We now explore the distribution of average ratings.

In [30]:
def average_rating(ratings):
    if isinstance(ratings, (xr.DataArray, xr.Dataset)):
        stars = ratings.coords["rating"].str.len()

        return (ratings * stars).sum(dim="rating") / ratings.sum(dim="rating")
    else:
        ratings = np.asanyarray(ratings)
        stars = 1 + np.arange(ratings.shape[-1])

        return (ratings * stars).sum(axis=-1) / ratings.sum(axis=-1)
In [31]:
rated_df["Average rating"] = (rated_df[RATING_COLS]
                                      .apply(average_rating, axis=1))

We see that the distribution over time (our data set covers sets released between 1980 and September 2021) has decreased from just under 4.5 to just below 4 over the years. Unsurprisingly, the percentage of ratings in each category between one and five stars has varied similarly over time.

In [32]:
time_fig, axes = plt.subplots(
    ncols=2, sharex=True,
    figsize=(1.75 * FIG_WIDTH, FIG_HEIGHT)
)

(rated_df["Average rating"]
         .groupby(rated_df["Year released"])
         .mean()
         .rolling(5, min_periods=1)
         .mean()
         .plot(ax=axes[0]));

axes[0].set_ylim(3.4, 4.6);
axes[0].set_yticks([3.5, 4, 4.5]);
axes[0].set_yticklabels(["✭✭✭ ½", "✭✭✭✭", "✭✭✭✭ ½"]);
axes[0].set_ylabel("Average set rating");

(rated_df[RATING_COLS]
         .div(rated_df[RATING_COLS].sum(axis=1),
              axis=0)
         .groupby(rated_df["Year released"])
         .mean()
         .rolling(5, min_periods=1)
         .mean()
         .iloc[:, ::-1]
         .plot(ax=axes[1]));

axes[1].yaxis.set_major_formatter(pct_formatter);
axes[1].set_ylabel("Average percentage of ratings");

It is interesting to try to interpret this trend.
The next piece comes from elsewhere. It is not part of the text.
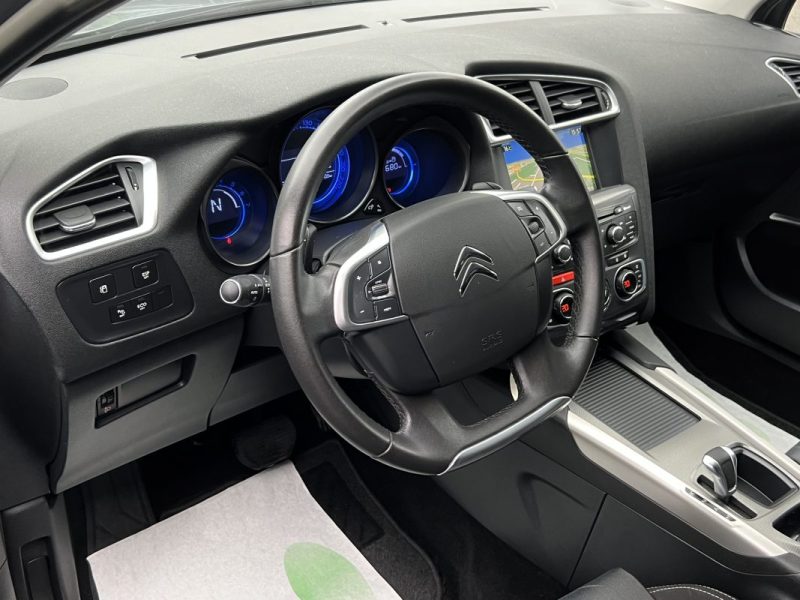 CITROEN C4 II 1.6 E HDI 115 Cv BOITE AUTOMATIQUE / 38 900 Kms GPS CRIT AIR 2 - GARANTIE 1 AN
Since the year is the year the set was released and not necessarily reviewed (Brickset did not exist until 1997), there is certainly some selection bias in early reviews, because they will only exist for those Lego collectors sufficiently passionate to own older sets, join Brickset, and rate them there once the set becomes available. In fact, for any period of time it is important to remember that these ratings do not represent the sentiment of the general Lego purchasing or collecting public towards each set, but the sentiments of the subset of those purchasers and collectors that are not only movitated to visit and join Brickset, but to rate their sets there. For reference, I visit Bricket frequently for both research purposes and to track my collection, but I have never rated a set there. It seems reasonable to assume that these biases will shrink, but never truly vanish, for more recently released sets. These biases and caveats are important to keep in the back of our mind as we perform our analysis.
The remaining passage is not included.